定年退職者を主な対象にした社会人選抜、中京大学経営学研究科が2017年度大学院入試から導入

 中京大学経営学研究科は、定年退職者を主な対象とした新しい社会人選抜「有験者特別選抜」(定員若干名)を、2017年度大学院入試から導入する。企業などで働く“現役世代”を対象にした社会人選抜は一般的に行われているが、定年退職者を主な対象にした大学院入試は全国的に珍しい。

 

 経営学研究科の「有験者特別選抜」は、企業で長年勤めた人の経験が、社会的に貴重な財産であり、経営学的にも価値のある事例ととらえ、そうした経験を学術的に整理し、社会に発信する機会を設ける。定年後の新たな「第二の人生」を助ける意味もある。

試験の前期日程は、出願期間が2016年9月1日から9月12日。試験は10月1日(土)に中京大学名古屋キャンパスで行う。一般選抜は筆記試験と面接だが、「有験者特別選抜」は面接のみの選考となる。後期日程は2017年1月に出願期間を設ける。

 

 大学院生には専用の研究室があり、専用の机と本棚、パソコンが提供される。研究用図書の購入費として年間3万5000円の補助があり、年間2500枚分のコピーカードが支給される。学会などへの参加費についても年間上限4万円の補助がある。
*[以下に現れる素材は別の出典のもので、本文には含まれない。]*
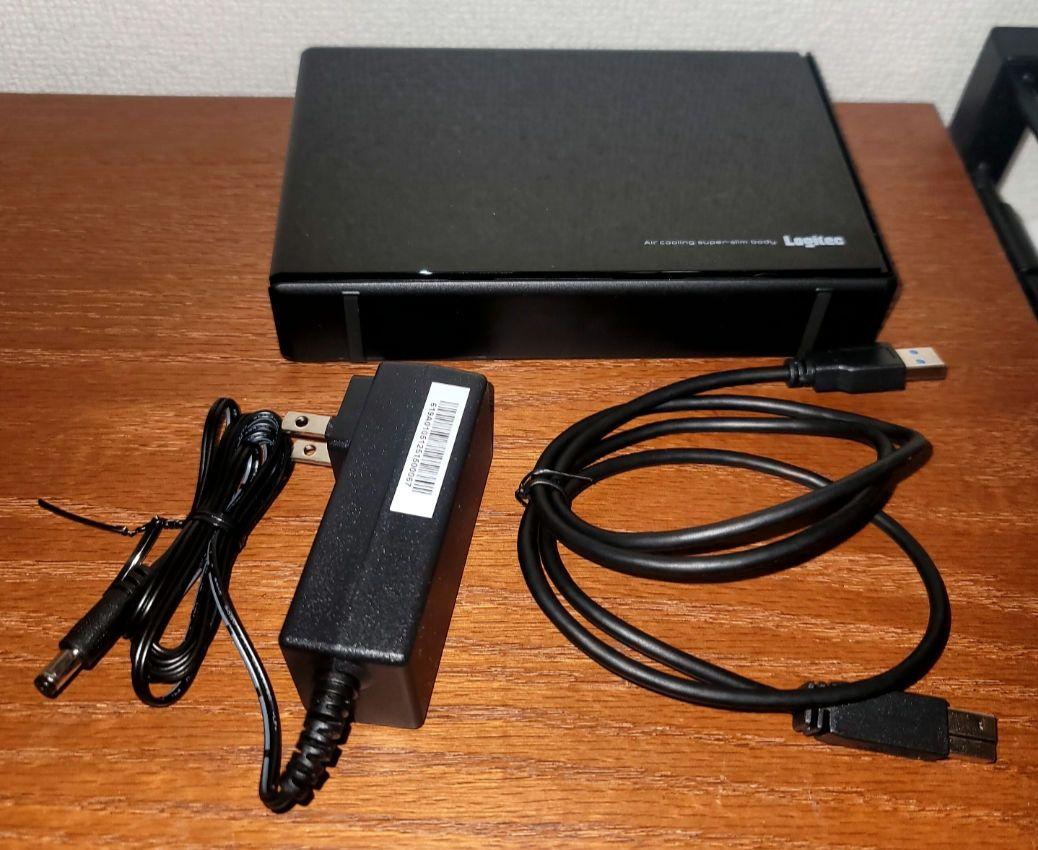 ロジテック 外付けHDD ハードディスク 6TB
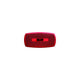 Optronics Surface Mount Marker/ Clearance Lights with Reflex, White Base, Red Lens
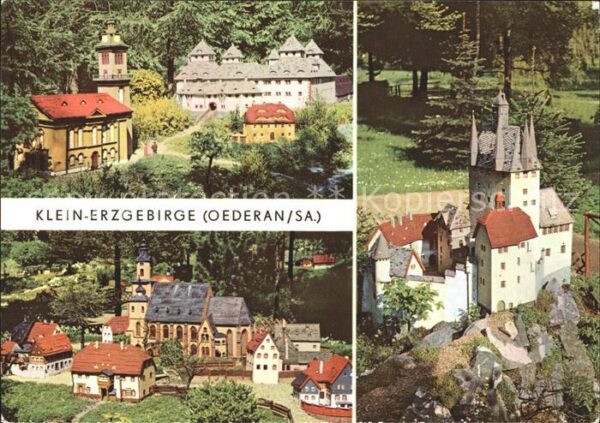 Oederan Klein Erzugebirge Schloss Kirche August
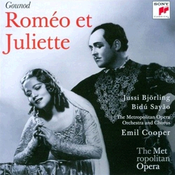 GOUNOD:ROMEO ET JULIETTE/BJORLING,SAYAO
 「有験者特別選抜」で修士号を取得した成績優秀者は、中京大学経営学部の非常勤講師として推薦される可能性もある。企業現場の経験に学術的要素を加えて学部生に伝えてもらい、キャリア教育の充実を図る狙いもある。

 

 新制度について、銭佑錫(ぜん・うそく)・中京大学経営学研究科長は、「年配の方が多いと思われますが、研究指導で手を抜くつもりはありません。しかし実際には、一方的な指導というよりは、互いが学びあう場になるのではないかと考えています。この制度が大学教員だけでは教えきれなかった、企業現場での経験や知恵を世代を超えて伝えていく足掛かりになればと期待しています」と話している。